A line below contains "Da legna cancello.", and a later one contains "Maison viager occupé". Repeat both, with every line between them, exactly.
+++ MATERIAL SHOWN
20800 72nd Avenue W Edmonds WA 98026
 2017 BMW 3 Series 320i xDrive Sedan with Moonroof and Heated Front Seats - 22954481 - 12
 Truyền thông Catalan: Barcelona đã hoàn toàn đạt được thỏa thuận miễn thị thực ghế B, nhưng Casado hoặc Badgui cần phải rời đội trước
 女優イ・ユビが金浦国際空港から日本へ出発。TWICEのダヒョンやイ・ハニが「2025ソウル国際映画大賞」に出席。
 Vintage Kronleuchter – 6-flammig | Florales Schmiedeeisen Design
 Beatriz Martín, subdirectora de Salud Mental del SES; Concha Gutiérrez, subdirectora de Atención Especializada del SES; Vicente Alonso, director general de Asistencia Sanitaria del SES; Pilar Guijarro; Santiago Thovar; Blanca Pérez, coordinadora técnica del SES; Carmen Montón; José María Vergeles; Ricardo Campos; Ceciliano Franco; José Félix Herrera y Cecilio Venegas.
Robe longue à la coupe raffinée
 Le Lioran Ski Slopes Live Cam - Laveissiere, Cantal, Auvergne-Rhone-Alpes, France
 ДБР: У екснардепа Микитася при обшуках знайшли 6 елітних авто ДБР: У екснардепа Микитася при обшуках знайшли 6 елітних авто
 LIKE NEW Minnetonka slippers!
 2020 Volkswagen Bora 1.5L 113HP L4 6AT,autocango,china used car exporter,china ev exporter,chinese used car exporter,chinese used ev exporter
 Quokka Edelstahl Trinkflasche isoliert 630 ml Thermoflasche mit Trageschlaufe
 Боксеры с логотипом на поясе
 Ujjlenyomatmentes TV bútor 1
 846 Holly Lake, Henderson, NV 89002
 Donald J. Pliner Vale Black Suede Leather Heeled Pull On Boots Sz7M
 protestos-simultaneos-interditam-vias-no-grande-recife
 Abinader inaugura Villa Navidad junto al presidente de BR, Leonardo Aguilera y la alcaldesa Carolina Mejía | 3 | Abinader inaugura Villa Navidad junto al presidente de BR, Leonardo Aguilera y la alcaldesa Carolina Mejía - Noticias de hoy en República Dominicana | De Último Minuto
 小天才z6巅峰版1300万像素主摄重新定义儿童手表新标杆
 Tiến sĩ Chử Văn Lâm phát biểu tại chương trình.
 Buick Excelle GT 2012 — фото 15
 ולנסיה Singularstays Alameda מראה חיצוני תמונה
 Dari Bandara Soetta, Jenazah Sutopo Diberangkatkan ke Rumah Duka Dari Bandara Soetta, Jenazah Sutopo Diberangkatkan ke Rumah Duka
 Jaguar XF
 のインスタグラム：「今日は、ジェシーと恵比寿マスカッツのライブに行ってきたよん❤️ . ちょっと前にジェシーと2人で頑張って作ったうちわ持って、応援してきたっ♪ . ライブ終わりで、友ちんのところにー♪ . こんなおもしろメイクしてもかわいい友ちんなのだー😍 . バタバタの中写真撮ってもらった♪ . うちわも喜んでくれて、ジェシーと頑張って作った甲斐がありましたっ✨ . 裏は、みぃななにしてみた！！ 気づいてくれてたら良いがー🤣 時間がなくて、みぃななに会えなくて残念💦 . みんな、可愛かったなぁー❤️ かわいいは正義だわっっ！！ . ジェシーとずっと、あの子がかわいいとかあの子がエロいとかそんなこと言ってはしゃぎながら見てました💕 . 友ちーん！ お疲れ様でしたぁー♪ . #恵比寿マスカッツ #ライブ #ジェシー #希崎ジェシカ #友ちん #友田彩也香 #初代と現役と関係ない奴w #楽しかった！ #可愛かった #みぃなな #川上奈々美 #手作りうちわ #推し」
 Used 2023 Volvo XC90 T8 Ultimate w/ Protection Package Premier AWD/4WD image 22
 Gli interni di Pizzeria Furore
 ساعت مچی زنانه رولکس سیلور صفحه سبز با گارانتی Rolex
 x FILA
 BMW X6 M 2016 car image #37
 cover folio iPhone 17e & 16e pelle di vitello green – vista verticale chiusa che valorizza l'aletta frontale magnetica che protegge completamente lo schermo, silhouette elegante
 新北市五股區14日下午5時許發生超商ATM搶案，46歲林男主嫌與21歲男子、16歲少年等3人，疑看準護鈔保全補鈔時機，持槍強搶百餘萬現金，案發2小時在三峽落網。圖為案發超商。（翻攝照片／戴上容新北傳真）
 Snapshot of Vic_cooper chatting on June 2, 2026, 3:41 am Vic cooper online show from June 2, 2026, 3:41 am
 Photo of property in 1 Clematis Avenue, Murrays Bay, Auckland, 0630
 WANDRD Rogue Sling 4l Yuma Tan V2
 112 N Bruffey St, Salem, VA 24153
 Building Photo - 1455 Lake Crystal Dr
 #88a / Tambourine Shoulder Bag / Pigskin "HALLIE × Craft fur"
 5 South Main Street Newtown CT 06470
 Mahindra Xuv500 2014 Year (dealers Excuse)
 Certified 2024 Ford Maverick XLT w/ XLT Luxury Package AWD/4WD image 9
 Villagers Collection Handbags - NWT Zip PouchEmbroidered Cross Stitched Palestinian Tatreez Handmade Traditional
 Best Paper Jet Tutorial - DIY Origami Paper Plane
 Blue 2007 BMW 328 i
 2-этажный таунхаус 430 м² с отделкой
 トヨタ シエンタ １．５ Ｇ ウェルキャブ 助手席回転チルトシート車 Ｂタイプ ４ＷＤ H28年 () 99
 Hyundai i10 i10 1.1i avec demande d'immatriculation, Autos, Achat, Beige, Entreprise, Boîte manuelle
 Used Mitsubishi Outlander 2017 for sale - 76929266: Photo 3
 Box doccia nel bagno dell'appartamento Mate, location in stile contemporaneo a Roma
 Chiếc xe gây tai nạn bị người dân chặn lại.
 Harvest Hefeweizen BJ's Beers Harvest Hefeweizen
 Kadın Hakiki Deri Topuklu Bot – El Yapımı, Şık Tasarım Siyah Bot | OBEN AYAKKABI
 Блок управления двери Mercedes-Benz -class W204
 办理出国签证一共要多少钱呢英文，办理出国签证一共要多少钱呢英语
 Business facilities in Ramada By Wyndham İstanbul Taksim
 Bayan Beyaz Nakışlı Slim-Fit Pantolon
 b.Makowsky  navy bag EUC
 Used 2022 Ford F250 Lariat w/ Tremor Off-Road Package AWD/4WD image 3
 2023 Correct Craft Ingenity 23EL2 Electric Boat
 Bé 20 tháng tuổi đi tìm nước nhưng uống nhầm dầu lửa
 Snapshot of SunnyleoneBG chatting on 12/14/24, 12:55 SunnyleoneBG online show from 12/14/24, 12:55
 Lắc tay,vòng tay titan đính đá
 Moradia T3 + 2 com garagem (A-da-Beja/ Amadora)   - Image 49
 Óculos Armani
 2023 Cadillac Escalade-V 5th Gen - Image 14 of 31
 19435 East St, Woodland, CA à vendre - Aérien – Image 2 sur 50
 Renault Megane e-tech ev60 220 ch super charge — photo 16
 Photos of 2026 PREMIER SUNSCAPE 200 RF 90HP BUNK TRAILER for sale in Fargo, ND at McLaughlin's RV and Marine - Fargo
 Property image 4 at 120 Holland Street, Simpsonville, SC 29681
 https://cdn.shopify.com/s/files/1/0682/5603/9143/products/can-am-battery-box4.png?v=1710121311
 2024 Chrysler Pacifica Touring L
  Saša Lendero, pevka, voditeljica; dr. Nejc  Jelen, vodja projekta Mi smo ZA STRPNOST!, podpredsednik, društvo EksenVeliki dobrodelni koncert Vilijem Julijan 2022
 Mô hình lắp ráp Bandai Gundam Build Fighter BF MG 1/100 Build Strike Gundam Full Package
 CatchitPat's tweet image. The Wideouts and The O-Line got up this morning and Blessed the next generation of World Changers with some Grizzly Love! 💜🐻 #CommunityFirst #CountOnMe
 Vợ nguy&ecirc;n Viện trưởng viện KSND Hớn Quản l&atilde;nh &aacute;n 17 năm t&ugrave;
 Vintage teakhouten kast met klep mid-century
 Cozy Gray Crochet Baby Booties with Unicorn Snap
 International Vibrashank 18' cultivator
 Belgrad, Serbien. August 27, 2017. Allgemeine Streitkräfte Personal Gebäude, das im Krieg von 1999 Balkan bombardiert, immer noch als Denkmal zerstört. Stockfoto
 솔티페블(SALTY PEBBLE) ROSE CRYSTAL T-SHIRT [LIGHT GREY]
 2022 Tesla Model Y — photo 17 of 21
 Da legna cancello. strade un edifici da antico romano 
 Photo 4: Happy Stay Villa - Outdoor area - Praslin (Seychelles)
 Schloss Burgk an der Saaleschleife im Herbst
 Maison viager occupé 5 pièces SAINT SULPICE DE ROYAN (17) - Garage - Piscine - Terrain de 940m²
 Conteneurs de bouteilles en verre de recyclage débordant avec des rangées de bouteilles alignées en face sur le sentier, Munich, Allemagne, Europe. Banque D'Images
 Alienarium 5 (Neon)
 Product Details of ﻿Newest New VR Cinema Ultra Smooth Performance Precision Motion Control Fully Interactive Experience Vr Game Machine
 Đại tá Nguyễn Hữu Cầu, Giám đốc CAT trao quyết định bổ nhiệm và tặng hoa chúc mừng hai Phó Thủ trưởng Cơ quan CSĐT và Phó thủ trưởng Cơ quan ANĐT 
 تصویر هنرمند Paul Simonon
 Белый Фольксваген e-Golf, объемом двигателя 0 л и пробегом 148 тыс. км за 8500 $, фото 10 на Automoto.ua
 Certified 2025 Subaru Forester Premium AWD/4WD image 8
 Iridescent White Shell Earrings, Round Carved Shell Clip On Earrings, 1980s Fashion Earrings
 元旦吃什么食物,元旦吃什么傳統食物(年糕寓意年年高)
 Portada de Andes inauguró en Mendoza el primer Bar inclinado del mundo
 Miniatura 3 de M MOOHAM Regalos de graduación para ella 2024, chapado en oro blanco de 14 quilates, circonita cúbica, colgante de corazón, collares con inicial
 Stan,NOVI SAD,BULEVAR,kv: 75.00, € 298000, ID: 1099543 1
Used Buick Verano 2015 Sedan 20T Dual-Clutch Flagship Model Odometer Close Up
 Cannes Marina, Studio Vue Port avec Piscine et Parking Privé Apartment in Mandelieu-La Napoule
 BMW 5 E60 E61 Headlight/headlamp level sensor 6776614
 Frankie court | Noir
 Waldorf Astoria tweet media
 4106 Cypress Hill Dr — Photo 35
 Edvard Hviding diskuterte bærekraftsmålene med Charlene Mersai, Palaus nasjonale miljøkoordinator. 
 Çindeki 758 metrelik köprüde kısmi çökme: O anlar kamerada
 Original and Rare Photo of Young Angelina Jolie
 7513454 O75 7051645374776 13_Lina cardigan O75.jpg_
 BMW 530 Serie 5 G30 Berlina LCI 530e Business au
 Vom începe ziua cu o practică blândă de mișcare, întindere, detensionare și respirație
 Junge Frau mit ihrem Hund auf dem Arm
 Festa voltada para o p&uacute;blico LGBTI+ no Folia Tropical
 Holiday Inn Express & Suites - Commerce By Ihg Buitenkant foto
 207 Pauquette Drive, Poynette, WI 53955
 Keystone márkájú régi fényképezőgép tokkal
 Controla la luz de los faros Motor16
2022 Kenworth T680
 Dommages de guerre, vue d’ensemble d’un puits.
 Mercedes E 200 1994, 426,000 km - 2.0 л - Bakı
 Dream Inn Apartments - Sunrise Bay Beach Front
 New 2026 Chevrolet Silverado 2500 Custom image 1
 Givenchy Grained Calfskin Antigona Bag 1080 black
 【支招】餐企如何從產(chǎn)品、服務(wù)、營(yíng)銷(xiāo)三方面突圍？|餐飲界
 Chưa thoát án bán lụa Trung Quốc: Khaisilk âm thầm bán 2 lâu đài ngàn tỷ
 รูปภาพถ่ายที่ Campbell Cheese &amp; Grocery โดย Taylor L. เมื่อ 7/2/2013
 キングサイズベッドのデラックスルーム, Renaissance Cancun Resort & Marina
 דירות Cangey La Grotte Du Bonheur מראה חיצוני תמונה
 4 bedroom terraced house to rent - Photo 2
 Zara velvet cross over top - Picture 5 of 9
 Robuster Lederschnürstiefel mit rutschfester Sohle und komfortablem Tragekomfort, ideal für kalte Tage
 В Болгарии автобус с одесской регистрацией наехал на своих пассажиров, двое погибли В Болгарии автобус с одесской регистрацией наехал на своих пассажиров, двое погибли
++++++
TASK SOLUTION >>
 Da legna cancello. strade un edifici da antico romano 
 Photo 4: Happy Stay Villa - Outdoor area - Praslin (Seychelles)
 Schloss Burgk an der Saaleschleife im Herbst
 Maison viager occupé 5 pièces SAINT SULPICE DE ROYAN (17) - Garage - Piscine - Terrain de 940m²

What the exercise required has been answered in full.